Smart growth makes efficient use of land, fully utilizes urban services and infrastructure, promotes a wide variety of transportation and housing options, permanently preserves critical natural resources, and protects architectural and environmental character through compatible, high quality, and environmentally-sensitive development. Inherent to this definition is the implementation of smart growth through comprehensive, consistent and effective policies, regulations, capital projects, and incentives.

Principles

The Smart Growth and Urban Environments Approach
The Smart Growth and Urban Environments Team seeks to advance environmental equity and, through enhanced local land use plans and regulations, achieve development that is consistent with the Executive Office of Environmental Affair's (EOEA) smart conservation and smart growth goals. Better regulations will ultimately result in land conservation and development that protects natural resources while constructing needed homes and businesses. Land conservation as well as the density, type, and location of future development have significant implications for the environmental mission of EOEA. Water and air quality as well as energy and land consumption are profoundly affected by choices made, predominantly by municipalities, about where, what, and how growth occurs.

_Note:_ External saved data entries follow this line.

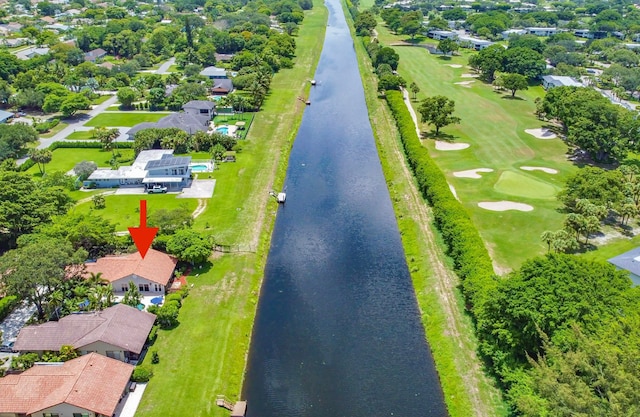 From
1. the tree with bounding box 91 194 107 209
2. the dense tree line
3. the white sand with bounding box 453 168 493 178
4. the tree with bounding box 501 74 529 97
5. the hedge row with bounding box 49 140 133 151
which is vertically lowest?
the hedge row with bounding box 49 140 133 151

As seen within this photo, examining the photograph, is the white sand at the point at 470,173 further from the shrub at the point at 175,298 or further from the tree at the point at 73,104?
the tree at the point at 73,104

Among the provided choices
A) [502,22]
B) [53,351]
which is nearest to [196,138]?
[53,351]

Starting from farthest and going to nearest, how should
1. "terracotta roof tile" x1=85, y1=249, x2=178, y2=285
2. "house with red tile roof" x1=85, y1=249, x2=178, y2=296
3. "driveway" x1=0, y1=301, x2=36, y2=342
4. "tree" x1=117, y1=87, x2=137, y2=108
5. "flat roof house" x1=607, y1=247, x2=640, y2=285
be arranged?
"tree" x1=117, y1=87, x2=137, y2=108, "terracotta roof tile" x1=85, y1=249, x2=178, y2=285, "house with red tile roof" x1=85, y1=249, x2=178, y2=296, "flat roof house" x1=607, y1=247, x2=640, y2=285, "driveway" x1=0, y1=301, x2=36, y2=342

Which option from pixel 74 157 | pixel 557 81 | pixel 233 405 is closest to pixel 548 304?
pixel 233 405

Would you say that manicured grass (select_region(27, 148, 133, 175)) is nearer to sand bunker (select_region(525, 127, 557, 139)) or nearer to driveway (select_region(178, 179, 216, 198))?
driveway (select_region(178, 179, 216, 198))

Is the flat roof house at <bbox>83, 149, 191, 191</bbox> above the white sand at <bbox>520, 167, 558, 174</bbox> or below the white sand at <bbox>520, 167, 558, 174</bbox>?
below

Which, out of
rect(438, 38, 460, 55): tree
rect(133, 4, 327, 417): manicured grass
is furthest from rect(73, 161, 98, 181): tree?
rect(438, 38, 460, 55): tree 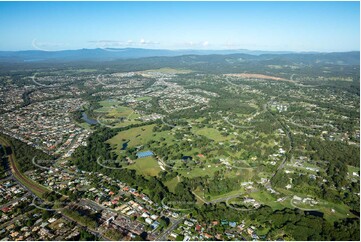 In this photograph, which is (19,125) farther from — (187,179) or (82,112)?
(187,179)

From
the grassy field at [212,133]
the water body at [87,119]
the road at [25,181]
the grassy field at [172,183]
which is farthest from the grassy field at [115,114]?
the grassy field at [172,183]

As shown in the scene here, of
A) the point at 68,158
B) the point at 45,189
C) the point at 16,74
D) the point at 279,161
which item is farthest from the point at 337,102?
the point at 16,74

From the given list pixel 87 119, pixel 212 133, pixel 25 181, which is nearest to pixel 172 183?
pixel 25 181

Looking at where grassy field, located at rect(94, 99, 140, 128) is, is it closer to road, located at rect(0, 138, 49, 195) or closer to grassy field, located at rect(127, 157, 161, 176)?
grassy field, located at rect(127, 157, 161, 176)

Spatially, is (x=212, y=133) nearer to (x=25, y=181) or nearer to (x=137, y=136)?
(x=137, y=136)

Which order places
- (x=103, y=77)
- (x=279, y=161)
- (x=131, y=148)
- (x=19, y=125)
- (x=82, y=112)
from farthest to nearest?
(x=103, y=77)
(x=82, y=112)
(x=19, y=125)
(x=131, y=148)
(x=279, y=161)

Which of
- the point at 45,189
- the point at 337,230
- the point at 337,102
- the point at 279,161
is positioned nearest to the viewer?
the point at 337,230

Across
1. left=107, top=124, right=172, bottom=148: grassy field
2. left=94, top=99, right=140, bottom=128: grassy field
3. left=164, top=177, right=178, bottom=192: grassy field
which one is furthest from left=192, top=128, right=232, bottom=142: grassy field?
left=164, top=177, right=178, bottom=192: grassy field

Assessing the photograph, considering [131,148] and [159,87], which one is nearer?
[131,148]

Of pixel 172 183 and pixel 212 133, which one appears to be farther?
pixel 212 133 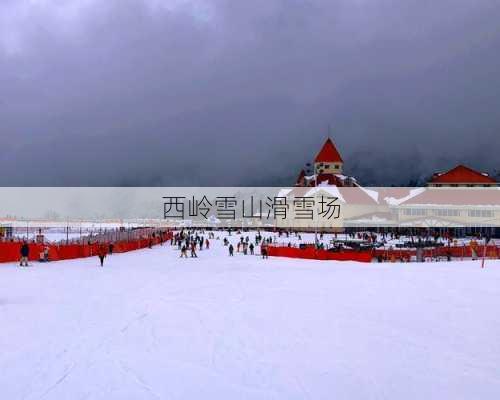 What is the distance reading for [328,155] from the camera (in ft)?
333

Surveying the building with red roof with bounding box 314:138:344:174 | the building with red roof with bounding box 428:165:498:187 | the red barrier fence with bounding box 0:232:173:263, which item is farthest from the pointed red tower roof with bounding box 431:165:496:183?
the red barrier fence with bounding box 0:232:173:263

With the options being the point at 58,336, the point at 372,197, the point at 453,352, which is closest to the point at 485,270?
the point at 453,352

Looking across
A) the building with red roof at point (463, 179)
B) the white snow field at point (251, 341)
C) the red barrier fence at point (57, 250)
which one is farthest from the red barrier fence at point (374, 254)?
the building with red roof at point (463, 179)

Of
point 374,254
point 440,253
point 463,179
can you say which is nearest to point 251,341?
point 374,254

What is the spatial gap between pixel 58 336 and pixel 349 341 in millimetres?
4616

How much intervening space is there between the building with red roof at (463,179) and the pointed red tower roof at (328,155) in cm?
2364

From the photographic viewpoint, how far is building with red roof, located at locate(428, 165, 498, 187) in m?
78.4

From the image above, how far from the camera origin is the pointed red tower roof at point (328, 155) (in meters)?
101

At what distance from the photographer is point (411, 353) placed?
7727mm

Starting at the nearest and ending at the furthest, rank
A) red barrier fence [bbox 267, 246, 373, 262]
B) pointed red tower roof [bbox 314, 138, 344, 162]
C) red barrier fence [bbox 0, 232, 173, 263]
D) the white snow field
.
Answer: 1. the white snow field
2. red barrier fence [bbox 0, 232, 173, 263]
3. red barrier fence [bbox 267, 246, 373, 262]
4. pointed red tower roof [bbox 314, 138, 344, 162]

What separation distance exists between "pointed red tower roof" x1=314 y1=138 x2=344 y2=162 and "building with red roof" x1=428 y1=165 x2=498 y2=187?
77.6 ft

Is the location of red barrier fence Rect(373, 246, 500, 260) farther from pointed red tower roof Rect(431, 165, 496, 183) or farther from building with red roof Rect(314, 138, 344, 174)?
building with red roof Rect(314, 138, 344, 174)

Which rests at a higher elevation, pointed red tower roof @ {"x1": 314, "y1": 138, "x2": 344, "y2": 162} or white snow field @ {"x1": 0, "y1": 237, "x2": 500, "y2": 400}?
pointed red tower roof @ {"x1": 314, "y1": 138, "x2": 344, "y2": 162}

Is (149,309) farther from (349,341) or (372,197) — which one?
(372,197) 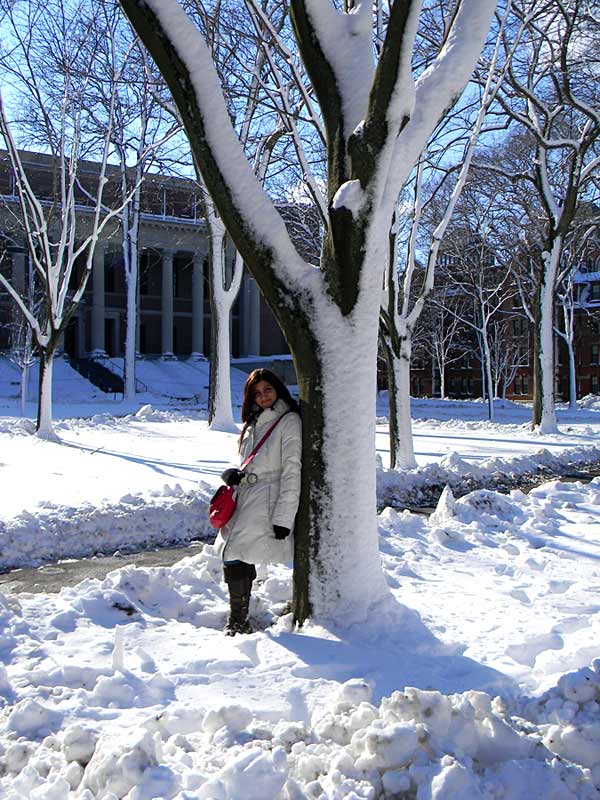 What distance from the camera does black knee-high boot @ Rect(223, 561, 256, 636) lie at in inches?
191

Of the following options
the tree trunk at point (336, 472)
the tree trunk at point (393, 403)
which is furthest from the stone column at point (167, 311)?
the tree trunk at point (336, 472)

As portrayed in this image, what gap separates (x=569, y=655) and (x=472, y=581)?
202 centimetres

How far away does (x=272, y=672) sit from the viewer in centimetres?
411

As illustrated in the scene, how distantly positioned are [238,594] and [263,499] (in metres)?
0.63

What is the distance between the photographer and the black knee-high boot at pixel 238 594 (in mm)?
4844

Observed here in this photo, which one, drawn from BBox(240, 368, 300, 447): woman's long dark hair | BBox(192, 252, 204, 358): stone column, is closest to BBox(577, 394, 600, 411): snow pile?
BBox(192, 252, 204, 358): stone column

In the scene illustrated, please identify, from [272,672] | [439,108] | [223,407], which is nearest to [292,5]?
[439,108]

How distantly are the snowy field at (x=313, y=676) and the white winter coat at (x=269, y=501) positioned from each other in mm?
520

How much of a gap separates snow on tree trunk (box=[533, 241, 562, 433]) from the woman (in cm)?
1690

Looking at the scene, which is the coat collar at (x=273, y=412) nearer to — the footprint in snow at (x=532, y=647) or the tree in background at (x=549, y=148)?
the footprint in snow at (x=532, y=647)

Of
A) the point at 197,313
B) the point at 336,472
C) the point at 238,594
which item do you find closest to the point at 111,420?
the point at 238,594

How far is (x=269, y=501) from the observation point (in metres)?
4.88

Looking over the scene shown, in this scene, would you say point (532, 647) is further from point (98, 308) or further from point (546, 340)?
point (98, 308)

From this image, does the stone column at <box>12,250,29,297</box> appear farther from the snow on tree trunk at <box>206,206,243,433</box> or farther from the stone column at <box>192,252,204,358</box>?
the snow on tree trunk at <box>206,206,243,433</box>
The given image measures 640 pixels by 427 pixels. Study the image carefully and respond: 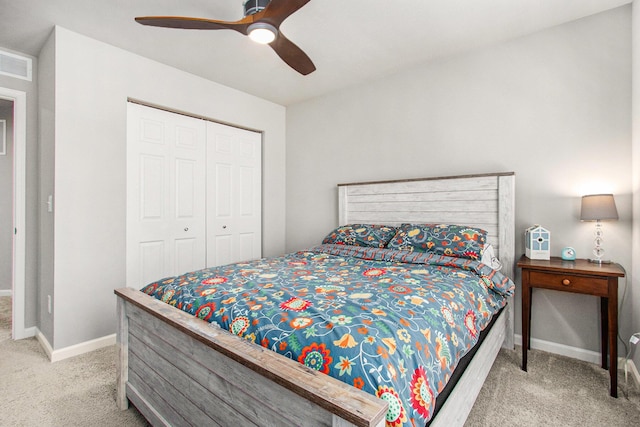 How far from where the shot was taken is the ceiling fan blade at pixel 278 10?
1598 millimetres

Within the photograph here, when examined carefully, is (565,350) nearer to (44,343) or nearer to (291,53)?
(291,53)

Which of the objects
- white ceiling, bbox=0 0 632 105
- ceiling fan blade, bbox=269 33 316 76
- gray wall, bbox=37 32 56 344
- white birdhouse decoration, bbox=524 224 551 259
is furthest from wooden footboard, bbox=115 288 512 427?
white ceiling, bbox=0 0 632 105

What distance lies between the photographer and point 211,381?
4.07 feet

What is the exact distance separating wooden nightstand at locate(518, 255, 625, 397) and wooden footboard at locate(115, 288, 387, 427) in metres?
1.89

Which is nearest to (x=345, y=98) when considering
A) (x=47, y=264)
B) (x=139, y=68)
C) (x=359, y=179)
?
(x=359, y=179)

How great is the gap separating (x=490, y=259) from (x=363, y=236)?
1041 millimetres

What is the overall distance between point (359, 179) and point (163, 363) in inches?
103

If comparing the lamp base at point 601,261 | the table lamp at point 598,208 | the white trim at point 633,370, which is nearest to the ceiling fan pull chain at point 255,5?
the table lamp at point 598,208

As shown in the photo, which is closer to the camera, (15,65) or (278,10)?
(278,10)

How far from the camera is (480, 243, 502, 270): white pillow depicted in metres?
2.32

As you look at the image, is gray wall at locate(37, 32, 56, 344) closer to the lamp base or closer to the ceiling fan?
the ceiling fan

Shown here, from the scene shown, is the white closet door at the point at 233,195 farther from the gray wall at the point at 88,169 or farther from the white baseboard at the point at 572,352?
the white baseboard at the point at 572,352

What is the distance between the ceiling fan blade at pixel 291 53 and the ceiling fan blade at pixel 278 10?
14cm

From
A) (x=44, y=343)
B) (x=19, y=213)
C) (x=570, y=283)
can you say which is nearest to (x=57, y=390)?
(x=44, y=343) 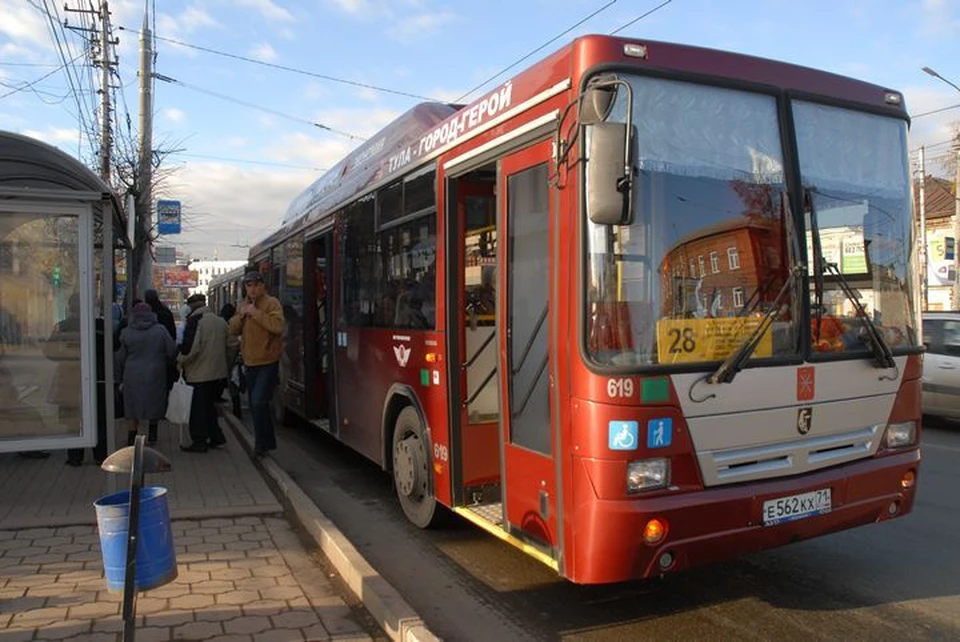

Pedestrian-friendly businesses in downtown Dartmouth
Pedestrian friendly downtown businesses

Massachusetts is known across the country for its pedestrian-friendly cities, visually attractive historic downtowns, and quaint New England villages. These vital community centers are characterized by dense settlement, narrow streets, public parks and mixed uses that allow citizens to live within easy strolling distance of shops, restaurants, commercial services and places of work. These communities have typically blended well with a healthy, natural environment and have provided a high qualify of life.

However, recent growth trends in Massachusetts have steered away from this village center model and spread development diffusely across Massachusetts' landscape. From 1950 to 1990, the Commonwealth's population grew by 28% while the amount of developed land grew by 188%. Recognizing the importance of protecting the unique character of Massachusetts as the Commonwealth continues to evolve, the Executive Office of Environmental Affairs has been encouraging smart growth for more than a decade. EOEA's smart growth efforts include providing information, incentives, and funding to help local leaders and residents make informed decisions about growth and development.
Increases in low density residential land use and loss of forest land characterize land use trends over the past 30 years
30 year land use trends

Smart growth cannot be realized via state actions alone. In fact, it is municipalities that have the greatest influence on where and how growth occurs. Therefore, achieving sustainable development requires encouraging changes on the local level to conserve natural resources and develop more wisely. And because no community exists in isolation, our approach encourages cities and towns to look beyond their municipal borders --to a regional level-- to plan for growth while preserving a region's most important assets.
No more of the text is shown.